The fact that you are finding dead ants is a good sign. Any treatment using repellent insecticides, which is most over the counter ones, including drione and spectracide could move the ants, but it could also solve the problem. Again, the dead ants are a good sign. 

Using termidor outside (non-repellent) around the house perimeter, high and low, has a better chance of colony elimination over several weeks. Carpenter ants send foragers to the outside, even though the nest may be inside, thus slowly picking up the termidor.


----------



## Antmadness (Aug 27, 2010)

Thanks for response. I can't seem to get termidor. Im in NY but the CT distributor said you need a double license to purchase. Is there a substitute. Realize this is a BASF product and believe there are patent restrictions so far. What I seem to be killing are the forages. I believe once the nest realizes they aren't getting a enough food supply the queen will continue to reinforce her forages troops by laying more eggs. Guess you can't starve the buggers out right? Thanks Madness


----------



## PAbugman (Jun 29, 2010)

The state of NY is not helping us at all here; my next 2 choices are Phantom and Arilon, both unavailable in NY. These two and Termidor are non-reprellent which make them valuable tools for ants and roaches. 

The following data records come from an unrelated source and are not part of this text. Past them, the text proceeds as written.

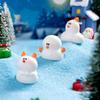 Miniature Decoration Exquisite Snowman Resin Figure Christmas Micro Landscape Cute Snowman Ornament For Desktops Indoor Outdoor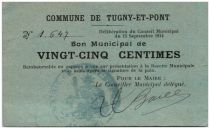 France 25 Centimes Tugny-Et-Pont City - 1914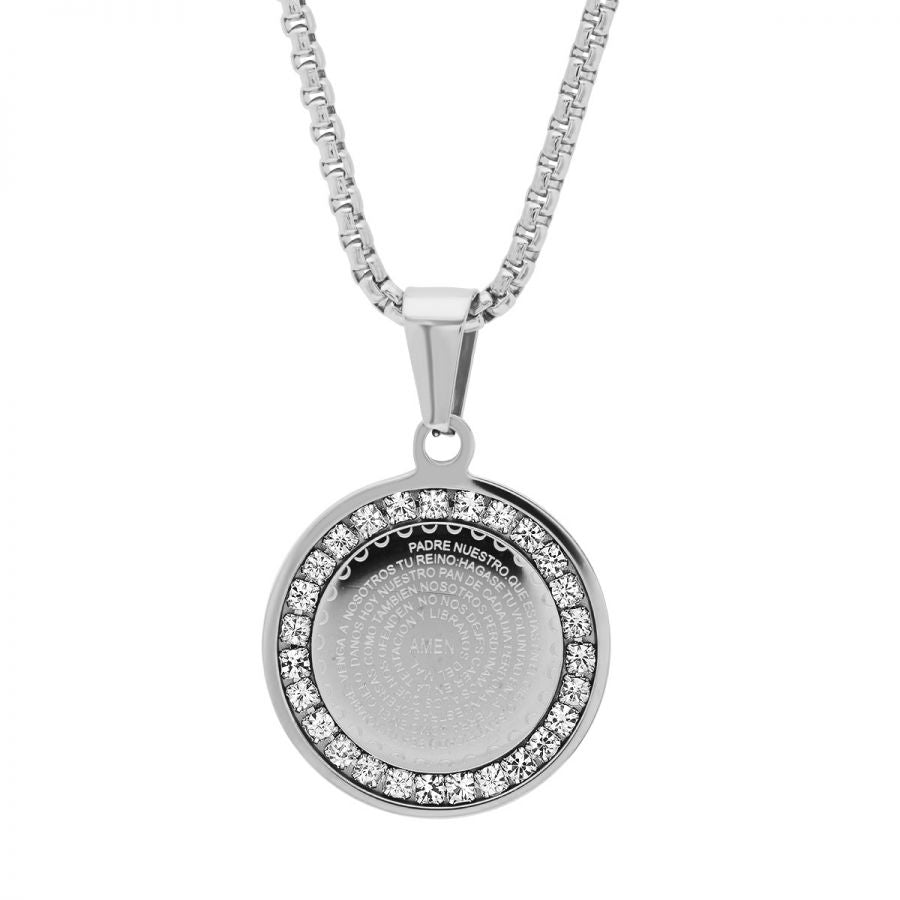 Our Father Prayer Round Stainless Steel Reversible Necklace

My next two choices will have the following active ingredients: 
1) Imidacloprid; non-repellent
2) Bifenthrin; repellent

Both are off patent restriction and can be found under various brand names. I urge you to get the concentrate and mix it with water yourself. Much cheaper and gives you more flexibility. 
Bifenthrin is repellent, but at lower doses it doesnt seem to repel in a negative way. We've used it a lot for all ants prior to Termidor and Phantom.

Another consideration: I always try to operate "above the table" but if I have to "deal below the table" I will in order to get the job done, providing that the benefit is worth the risk, therefore my question: Do you know anyone out of state that can get Termidor for you? Termidor is head and shoulders above all the other choices, with Phantom showing in a strong second place.

Since you have had success with your bait, you may want to consider some of the gel ant baits. The strategy behind non-repellent insecticides is that they will track it back to the nest; strategy behind baiting is much the same in that they will bring it back to the nest. If they feed strongly on the bait you can get colony elimination that way.


----------



## noquacks (Jun 5, 2010)

Yup....imidacloprid also in Dominion 2L. I used it for subterraneans. Works great. Good also for ant/etc. Go for it. Oh....more reasonably priced than the highly touted termidor.


----------